FIG. 10 illustrates details of an exemplary a method 1000 of using a remote device with a utility locator to access additional conventional or AI processing resources available on the remote device. The method starts at block 1010 collecting Utility Location Data “Collected Data” from a plurality of sources, and optionally providing Predefined Classifiers 1020, both of which are used as input for Training Data 1030. Next at block 1040, the Training Data is provided to at least one Neural Network to create a Location Prediction Model 1050. The Prediction Model 1050 and collected Utility Location Prediction Data 1060 (i.e. data to be used to make an AI prediction related underground or buried utilities) are then combined at block 1070. Next at block 1080, Prediction Data 1060 and the Location Prediction Model 1070 are wirelessly transmitted to a Remote Device. It should be noted that combining the Location Prediction Model 1050 and Location Prediction Data 1060 may mean they are combined into a single stream of data and transmitting the stream wirelessly, or transmitting the Model 1050 and Prediction Data separately at the same time, or at different times to a Remote Device 1080. Next, a Location Prediction Result is determined on the Remote Device at block 1085. Next, at least a portion of the Location Prediction Result from block 1085 is wirelessly transmitted back to the Utility Locator 1090 where at least a portion of the of the previously transmitted Location Prediction Result received by the Locator is presented to a user 1095, e.g. rendered on a display, provided as audio or tactile output, and other well known ways of providing data to a user.
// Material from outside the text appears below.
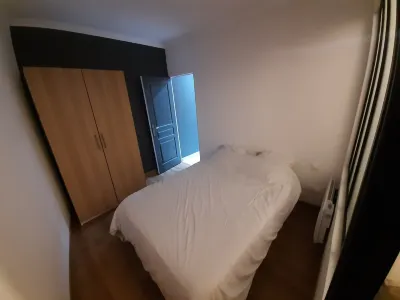 2-room apartment, near RER, bus and castle Hotel in zona La Laiterie de la Reine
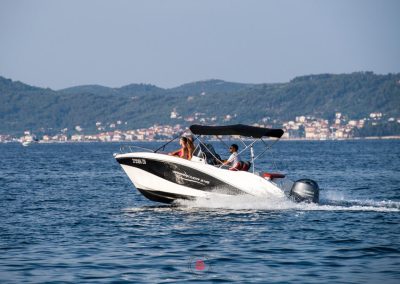 Okiboats Barracuda 545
Displayed data may be provided in many forms including mapped data, alpha-numeric data, etc. Any previously mentioned data may be stored permanently or temporarily at any stage on the Utility Locator, on the Remote Device, or on any suitable external storage medium.
FIG. 11 illustrates details of an exemplary method 1100 of a remote device with a utility locator to access additional conventional or AI processing resources available on the remote device (refer back to FIG. 10 description) with a feedback loop 1110 for improving the Prediction Model. At block 1070 Collected Utility Location Prediction Data from block 1060 is combined with the created Prediction Model from block 1050. The Utility Location Prediction data 1060 may also be used as feedback 1110, i.e. Training Data 1030 to be used as input to at least one Neural Network 1040 to create an updated Location Prediction Model at block 1050. This may be a one time process or an iterative process, thereby constantly improving the Location Prediction Model.
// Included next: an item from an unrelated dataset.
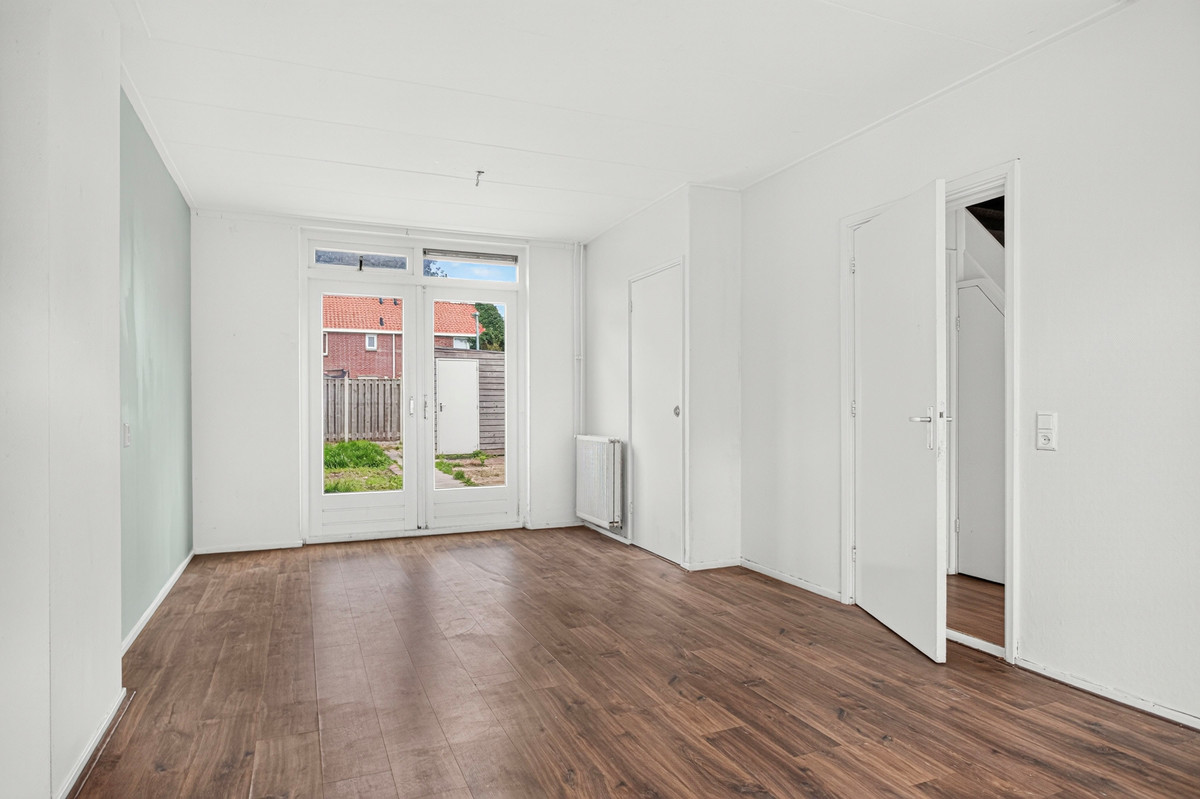 Tussenwoning te koop: Abraham Steenhagenstraat 3, Almelo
FIG. 12 illustrates details of an exemplary method 1200 of using a remote device with a utility locator to access additional conventional or AI processing resources available on the remote device. The method starts at block 1210 collecting Utility Location Data “Collected Data” from a plurality of sources, and optionally providing Predefined Classifiers 1220, both of which are used as input for Training Data 1230. Next at block 1240, the Training Data is wirelessly transmitted to a Remote Device, and then the Training Data is provided to at least one Neural
Network 1250 to create a Prediction Model on the Remote Device 1270. Collected Utility Location Data 1260 is then input into the Prediction Model 1270 to determine a Location Prediction Result on the Remote Device 1280. Next, at least a portion of the Location Prediction Result from block 1280 is wirelessly transmitted back to the Utility Locator 1285, and where at least a portion of the of the previously transmitted Location Prediction Result received by the Locator is presented to a user 1095, e.g. rendered on a display, provided as audio or tactile output, and other well known ways of providing data to a user and where at least a portion of the of the previously transmitted Location Prediction Result received by the Locator is presented to a user 1290, e.g. rendered on a display, provided as audio or tactile output, and other well known ways of providing data to a user.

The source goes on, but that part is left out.